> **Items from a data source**
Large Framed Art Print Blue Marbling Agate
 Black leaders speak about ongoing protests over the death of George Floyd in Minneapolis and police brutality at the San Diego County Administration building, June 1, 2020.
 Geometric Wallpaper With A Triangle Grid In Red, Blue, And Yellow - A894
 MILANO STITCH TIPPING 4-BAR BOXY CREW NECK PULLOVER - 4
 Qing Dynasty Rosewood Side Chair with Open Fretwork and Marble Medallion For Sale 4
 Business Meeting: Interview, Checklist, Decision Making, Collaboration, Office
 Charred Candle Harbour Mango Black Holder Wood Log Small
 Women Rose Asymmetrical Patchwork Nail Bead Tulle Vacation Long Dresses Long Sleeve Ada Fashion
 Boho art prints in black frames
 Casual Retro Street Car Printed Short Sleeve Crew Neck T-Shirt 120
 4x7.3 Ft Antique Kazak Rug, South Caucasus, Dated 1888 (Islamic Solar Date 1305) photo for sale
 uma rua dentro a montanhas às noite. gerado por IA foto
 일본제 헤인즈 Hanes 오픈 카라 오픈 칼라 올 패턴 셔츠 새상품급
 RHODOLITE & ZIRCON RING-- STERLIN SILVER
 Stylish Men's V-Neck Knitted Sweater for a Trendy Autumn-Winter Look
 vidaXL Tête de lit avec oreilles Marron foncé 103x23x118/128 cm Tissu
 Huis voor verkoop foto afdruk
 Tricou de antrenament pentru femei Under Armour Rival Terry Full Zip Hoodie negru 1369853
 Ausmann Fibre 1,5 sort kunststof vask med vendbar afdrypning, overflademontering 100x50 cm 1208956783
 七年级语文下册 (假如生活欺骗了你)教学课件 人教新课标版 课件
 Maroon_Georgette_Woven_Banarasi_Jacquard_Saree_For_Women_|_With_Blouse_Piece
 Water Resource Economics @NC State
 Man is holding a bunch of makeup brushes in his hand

> **Your task**
Looking at the entries above, can you reproduce exactly the lines from the one that holds "vidaXL Tête de" through the one that holds "七年级语文下册 (假如生活欺骗了你)教学课件 人教新课标版 课件", and only those?

> **Answer section**
 vidaXL Tête de lit avec oreilles Marron foncé 103x23x118/128 cm Tissu
 Huis voor verkoop foto afdruk
 Tricou de antrenament pentru femei Under Armour Rival Terry Full Zip Hoodie negru 1369853
 Ausmann Fibre 1,5 sort kunststof vask med vendbar afdrypning, overflademontering 100x50 cm 1208956783
 七年级语文下册 (假如生活欺骗了你)教学课件 人教新课标版 课件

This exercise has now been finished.